### What you need to do
Where the records below show a line containing "Western blot analysis", start copying; end with the line containing "高齡老人手臂上起濕疹能不能根治(圖4)", and copy it too.

### Task inputs
• • • • •
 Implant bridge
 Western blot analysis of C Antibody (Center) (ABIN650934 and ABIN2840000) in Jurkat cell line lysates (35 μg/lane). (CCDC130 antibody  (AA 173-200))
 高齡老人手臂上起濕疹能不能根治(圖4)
• • • • •
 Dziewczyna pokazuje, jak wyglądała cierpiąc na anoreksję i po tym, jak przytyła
• • • • •
### Finished task
 Western blot analysis of C Antibody (Center) (ABIN650934 and ABIN2840000) in Jurkat cell line lysates (35 μg/lane). (CCDC130 antibody  (AA 173-200))
 高齡老人手臂上起濕疹能不能根治(圖4)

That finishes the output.